Segment Start: Records provided
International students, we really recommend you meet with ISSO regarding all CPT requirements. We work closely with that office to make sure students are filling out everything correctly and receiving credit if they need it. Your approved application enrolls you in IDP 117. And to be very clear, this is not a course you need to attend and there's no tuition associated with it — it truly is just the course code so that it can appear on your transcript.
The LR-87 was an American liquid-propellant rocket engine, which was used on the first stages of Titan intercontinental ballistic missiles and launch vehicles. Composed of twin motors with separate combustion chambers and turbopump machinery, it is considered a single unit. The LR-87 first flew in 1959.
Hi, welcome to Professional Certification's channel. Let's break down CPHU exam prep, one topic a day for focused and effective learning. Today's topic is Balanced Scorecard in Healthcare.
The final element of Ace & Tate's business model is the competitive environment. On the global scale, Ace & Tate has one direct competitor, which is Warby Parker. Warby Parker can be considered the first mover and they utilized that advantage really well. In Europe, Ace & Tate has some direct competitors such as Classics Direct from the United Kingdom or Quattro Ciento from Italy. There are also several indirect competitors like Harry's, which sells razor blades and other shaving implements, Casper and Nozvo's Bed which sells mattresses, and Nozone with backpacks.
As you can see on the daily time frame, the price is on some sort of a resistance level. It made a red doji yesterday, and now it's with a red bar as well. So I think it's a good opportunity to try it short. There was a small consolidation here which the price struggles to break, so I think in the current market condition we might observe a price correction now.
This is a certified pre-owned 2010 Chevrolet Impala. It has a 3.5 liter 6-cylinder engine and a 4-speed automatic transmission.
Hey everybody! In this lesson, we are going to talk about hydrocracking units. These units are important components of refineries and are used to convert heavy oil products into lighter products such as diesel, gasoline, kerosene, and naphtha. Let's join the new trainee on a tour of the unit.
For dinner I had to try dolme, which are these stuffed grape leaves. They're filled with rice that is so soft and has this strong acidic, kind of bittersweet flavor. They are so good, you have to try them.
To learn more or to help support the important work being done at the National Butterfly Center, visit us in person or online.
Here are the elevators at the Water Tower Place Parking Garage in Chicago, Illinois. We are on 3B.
Segment End: Records provided
* _Work to complete_
What you return must match the records above exactly, line for line.

* _Solution for this task_
International students, we really recommend you meet with ISSO regarding all CPT requirements. We work closely with that office to make sure students are filling out everything correctly and receiving credit if they need it. Your approved application enrolls you in IDP 117. And to be very clear, this is not a course you need to attend and there's no tuition associated with it — it truly is just the course code so that it can appear on your transcript.
The LR-87 was an American liquid-propellant rocket engine, which was used on the first stages of Titan intercontinental ballistic missiles and launch vehicles. Composed of twin motors with separate combustion chambers and turbopump machinery, it is considered a single unit. The LR-87 first flew in 1959.
Hi, welcome to Professional Certification's channel. Let's break down CPHU exam prep, one topic a day for focused and effective learning. Today's topic is Balanced Scorecard in Healthcare.
The final element of Ace & Tate's business model is the competitive environment. On the global scale, Ace & Tate has one direct competitor, which is Warby Parker. Warby Parker can be considered the first mover and they utilized that advantage really well. In Europe, Ace & Tate has some direct competitors such as Classics Direct from the United Kingdom or Quattro Ciento from Italy. There are also several indirect competitors like Harry's, which sells razor blades and other shaving implements, Casper and Nozvo's Bed which sells mattresses, and Nozone with backpacks.
As you can see on the daily time frame, the price is on some sort of a resistance level. It made a red doji yesterday, and now it's with a red bar as well. So I think it's a good opportunity to try it short. There was a small consolidation here which the price struggles to break, so I think in the current market condition we might observe a price correction now.
This is a certified pre-owned 2010 Chevrolet Impala. It has a 3.5 liter 6-cylinder engine and a 4-speed automatic transmission.
Hey everybody! In this lesson, we are going to talk about hydrocracking units. These units are important components of refineries and are used to convert heavy oil products into lighter products such as diesel, gasoline, kerosene, and naphtha. Let's join the new trainee on a tour of the unit.
For dinner I had to try dolme, which are these stuffed grape leaves. They're filled with rice that is so soft and has this strong acidic, kind of bittersweet flavor. They are so good, you have to try them.
To learn more or to help support the important work being done at the National Butterfly Center, visit us in person or online.
Here are the elevators at the Water Tower Place Parking Garage in Chicago, Illinois. We are on 3B.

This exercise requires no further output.